11.コミカライズの打診
2023年といえば、ちょうど『小説家になろう』で書き始めて3年たったころだ。
7巻は好評で、「次も楽しみにしています」とメッセージが届く。
もちろん8巻になる部分も、ちゃんと用意してあった。
それなのに「次ってなんだろう……」と思うぐらい、ヘトヘトで何も考えられず、短編集の〆切までは余裕をもらって、ひたすら静養した。
ゴロゴロして、ゲームをして、本を読んで。読むのは早いからガンガン読んで、読み疲れたら寝て。
手を動かすことは好きなので、いつもより手のこんだ料理をしたり、絵を描いたりして過ごす。
頭の中で動きを止めたネリアたちは、そのまま彫像のようにじっとしている。
約束は短編集だけだったから、いろんなことをやった。
なろうにログインしたら、ホーム画面で黙々と小説を書いて編集作業をするだけだった。
そこから飛びだして自主企画に参加し、他の作家さんとも交流するようになった。
創作を楽しんでいる人たちと触れ合い、とてもいい刺激を受ける。息をするように書き、人生とともに創作がある。
(書籍化だけが目標じゃないよなぁ……)
ぼんやりとそんなことを考え、短編集に収載する文章を整理しながら、グデグデと過ごしていたら、よろづ先生がネリアを描いて下さった。
意志の強い、ハッキリとした視線。力強いイラストが、私を奮い立たせてくれた。
書け。とにかく書け。
あいかわらず本業は忙しく、年末年始の休みは短編集の原稿をまとめるのに使った。
大まかな構成はサブキャラたちのエピソードに、短編集ありがちの「主役どこいった」にならないよう、レオポルドとネリアの話も入れるつもりだ。

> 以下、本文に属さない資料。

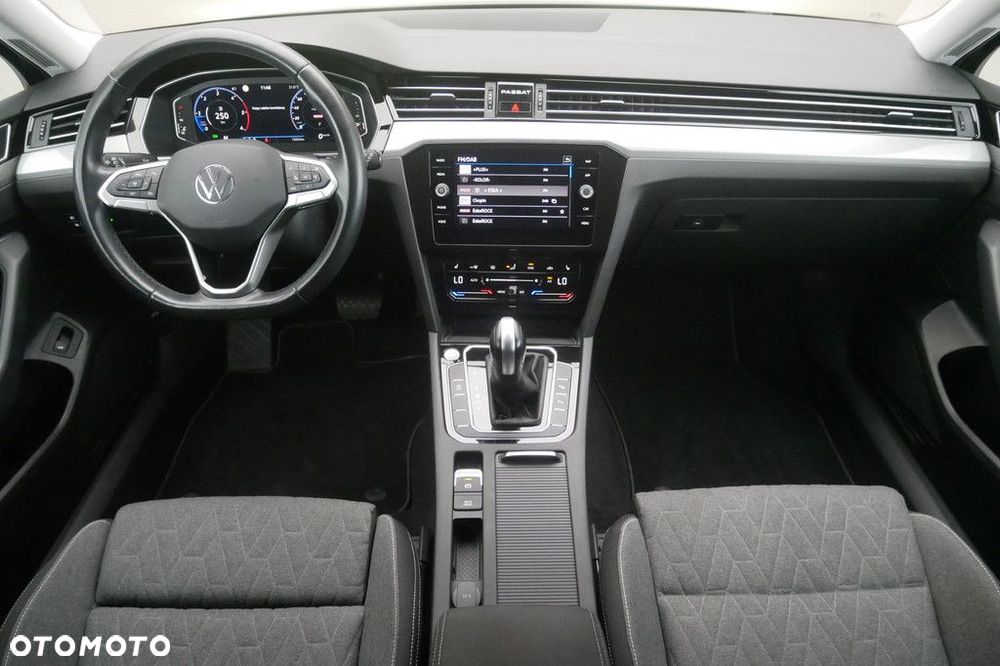 Volkswagen Passat Variant - 8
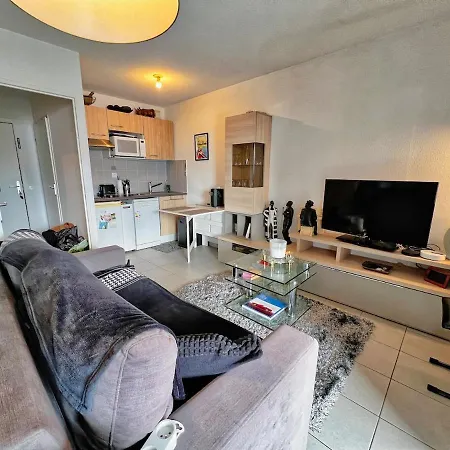 Grand Studio, Coin Nuit Separe, Terrasse Et Garage Privatif Appartement Royan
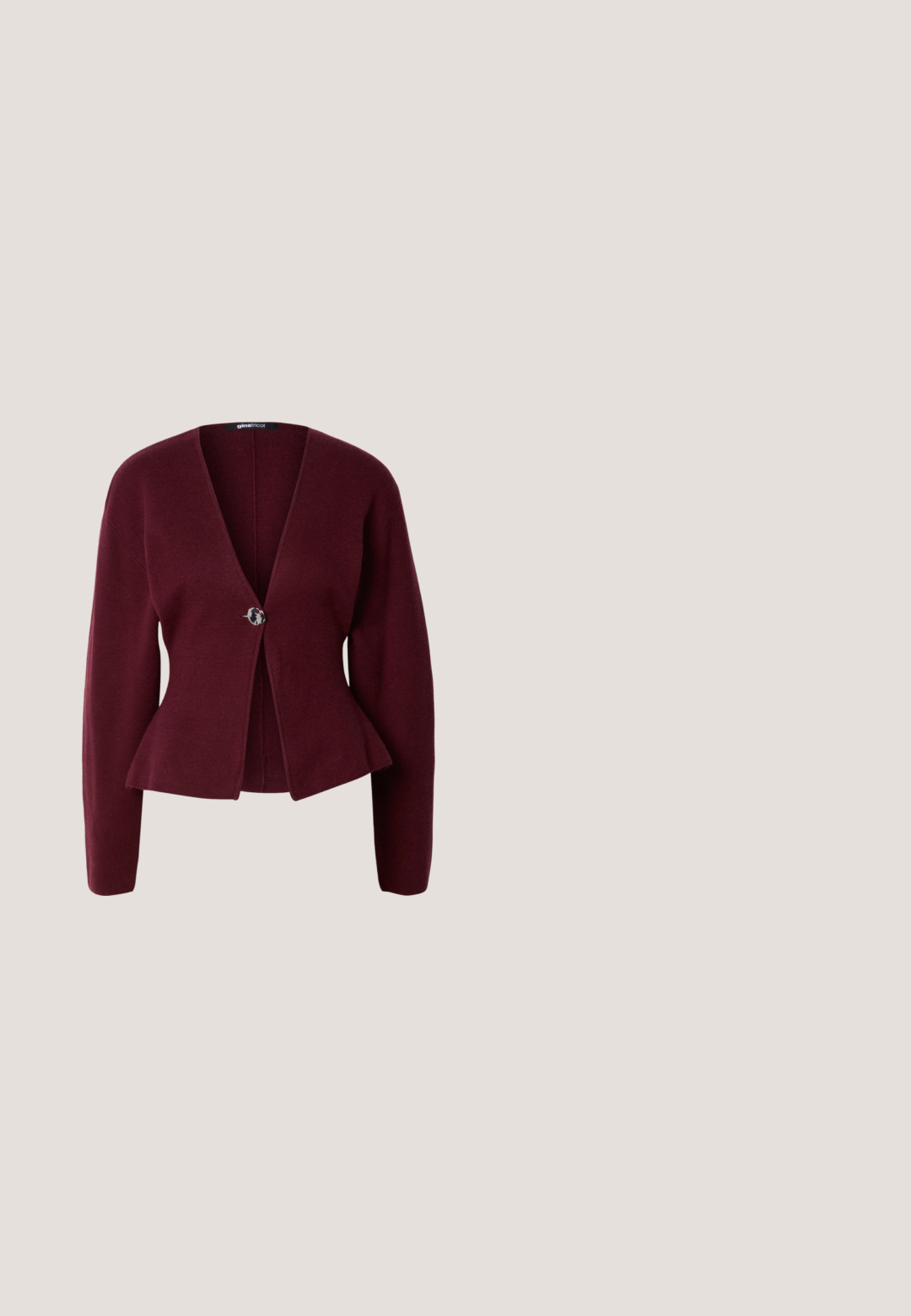 Burgundin cardigan, jossa on V-pääntie, pitkät hihat ja peplum-helma. Ominaisuuksiin kuuluu yksi koristeellinen nappi, jossa on erottuva muotoilu. Pehmeä materiaali.; Musta t-paita lyhyillä hihoilla, jotka on valmistettu röyhelöisestä mustasta tyllikankaasta, pyöreä kaula-aukko ja vartalonmyötäinen siluetti.; Mustat leveälahkeiset farkut, jotka on valmistettu denimistä. Varustettu nappikiinnityksellä, vyölenkeillä ja kahdella etutaskulla. Kankaan pinnassa on hillittyä tekstuuria.; Mustat nahka nilkkurit paksulla pohjalla ja kahdella hopeisella soljella sivussa, eristetty vaalealla taustalla.; Pehmeä kangaslaukku, jossa on punavalkoruudullinen kuvio, solmittu kahva ja kolmion muotoinen, yksiväristä taustaa vasten.; Hopeiset metalliset renkaskorvakorut, joissa on sileä, hieman kaareva pinta ja lukolliset takakiinnitykset yksinkertaisella valkoisella taustalla.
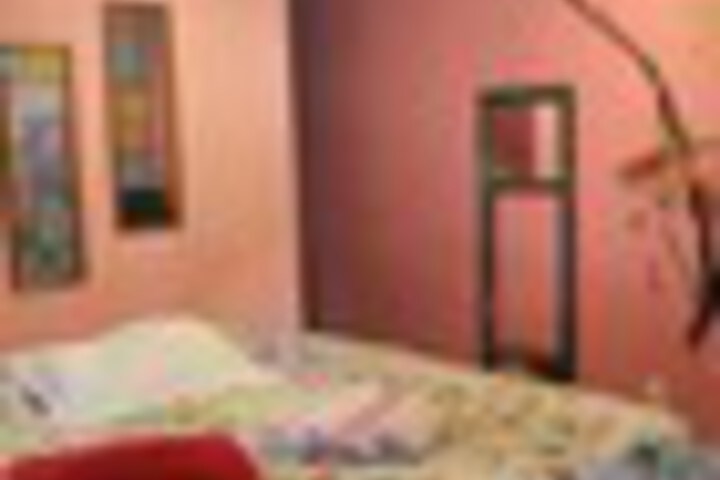 Room 8 of 114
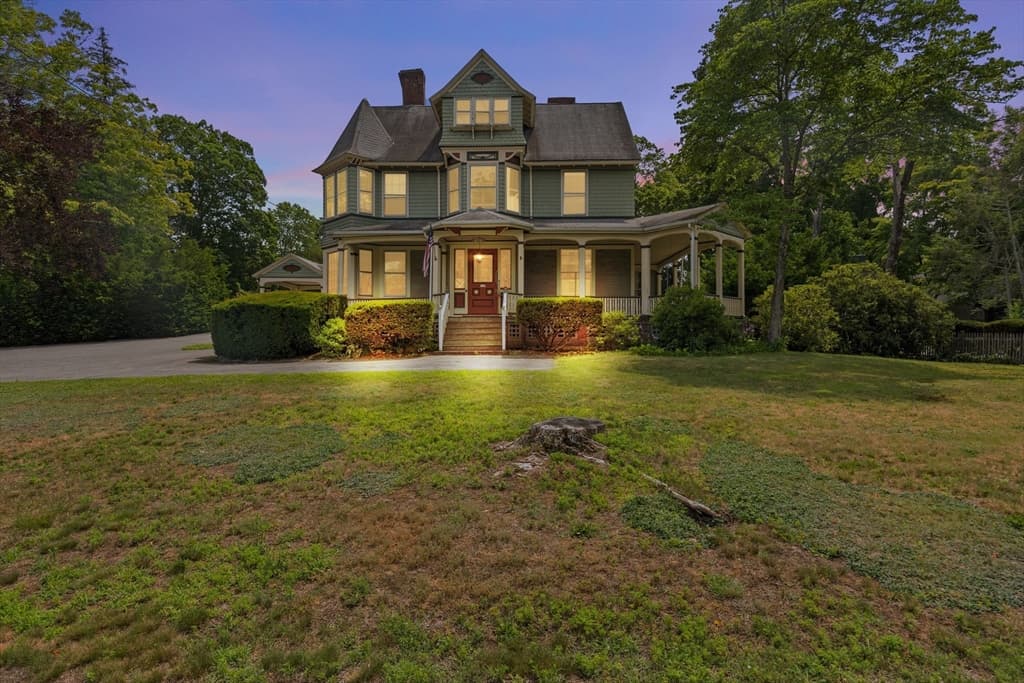 236 Winthrop St, Taunton MA 02780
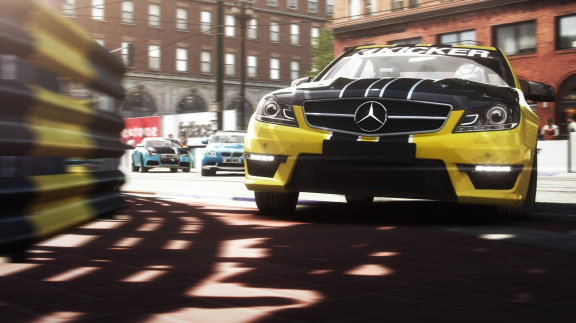 GRID Autosport tentokrát hraje na city závodnickým trailerem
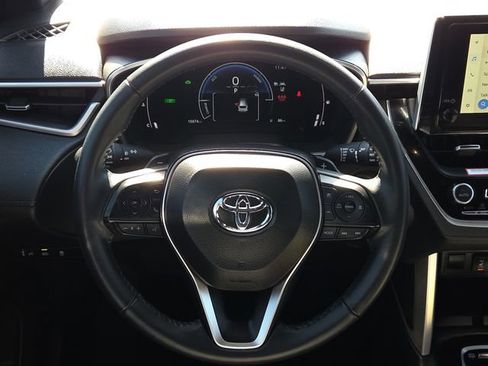Used 2024 Toyota Corolla Cross AWD Hybrid w/ Convenience Package image 15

その年末にコミカライズの打診が、マッグガーデン社からインプレス社に届いたらしい。
らしいというのは、私は制作チャンネルがあったSLACKの通知を切っていて、その知らせを受け取ったのが年明けになったからだ。
(……今さら?)
最初は嬉しいよりも、警戒心の方が強く働いた。書籍化の打診も、いちおう疑ったぐらいだ。
7巻まで来て物語は折り返しに入り、あとはどうやって広げたストーリーを畳んでいくか、そんなことも考えるようになっていた。
(本当に読者さんが喜ぶコミカライズになる?)
そんな不安もあったし、打診の理由を出版社に聞いてもらった。もっとビジネスライクかと思っていたら、びっしりと書かれた文章が届く。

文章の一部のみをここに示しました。